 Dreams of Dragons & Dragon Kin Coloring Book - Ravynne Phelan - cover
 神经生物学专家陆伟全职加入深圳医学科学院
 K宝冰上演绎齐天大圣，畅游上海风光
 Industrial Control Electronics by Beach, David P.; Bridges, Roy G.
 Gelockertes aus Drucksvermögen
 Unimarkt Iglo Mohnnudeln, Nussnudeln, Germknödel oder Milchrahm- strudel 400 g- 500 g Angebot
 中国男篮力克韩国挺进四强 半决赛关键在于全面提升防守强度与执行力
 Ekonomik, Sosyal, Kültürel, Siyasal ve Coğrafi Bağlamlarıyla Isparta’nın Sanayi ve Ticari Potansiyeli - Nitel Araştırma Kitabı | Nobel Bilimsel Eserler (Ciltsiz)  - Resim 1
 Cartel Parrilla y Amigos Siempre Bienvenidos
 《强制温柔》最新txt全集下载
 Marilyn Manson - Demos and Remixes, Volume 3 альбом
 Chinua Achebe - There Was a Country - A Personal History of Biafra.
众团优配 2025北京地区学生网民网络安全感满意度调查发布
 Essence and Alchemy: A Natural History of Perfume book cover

==

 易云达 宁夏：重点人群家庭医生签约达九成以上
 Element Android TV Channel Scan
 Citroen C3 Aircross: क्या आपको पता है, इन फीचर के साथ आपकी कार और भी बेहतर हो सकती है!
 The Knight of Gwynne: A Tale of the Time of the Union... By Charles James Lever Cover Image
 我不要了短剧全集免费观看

◆ TASK DESCRIPTION ◆
Retype the entries above exactly, but only from the line containing "Unimarkt Iglo Mohnnudeln, Nussnudeln, Germknödel" through the line containing "Essence and Alchemy: A", both included.

◆ ANSWER AREA ◆
 Unimarkt Iglo Mohnnudeln, Nussnudeln, Germknödel oder Milchrahm- strudel 400 g- 500 g Angebot
 中国男篮力克韩国挺进四强 半决赛关键在于全面提升防守强度与执行力
 Ekonomik, Sosyal, Kültürel, Siyasal ve Coğrafi Bağlamlarıyla Isparta’nın Sanayi ve Ticari Potansiyeli - Nitel Araştırma Kitabı | Nobel Bilimsel Eserler (Ciltsiz)  - Resim 1
 Cartel Parrilla y Amigos Siempre Bienvenidos
 《强制温柔》最新txt全集下载
 Marilyn Manson - Demos and Remixes, Volume 3 альбом
 Chinua Achebe - There Was a Country - A Personal History of Biafra.
众团优配 2025北京地区学生网民网络安全感满意度调查发布
 Essence and Alchemy: A Natural History of Perfume book cover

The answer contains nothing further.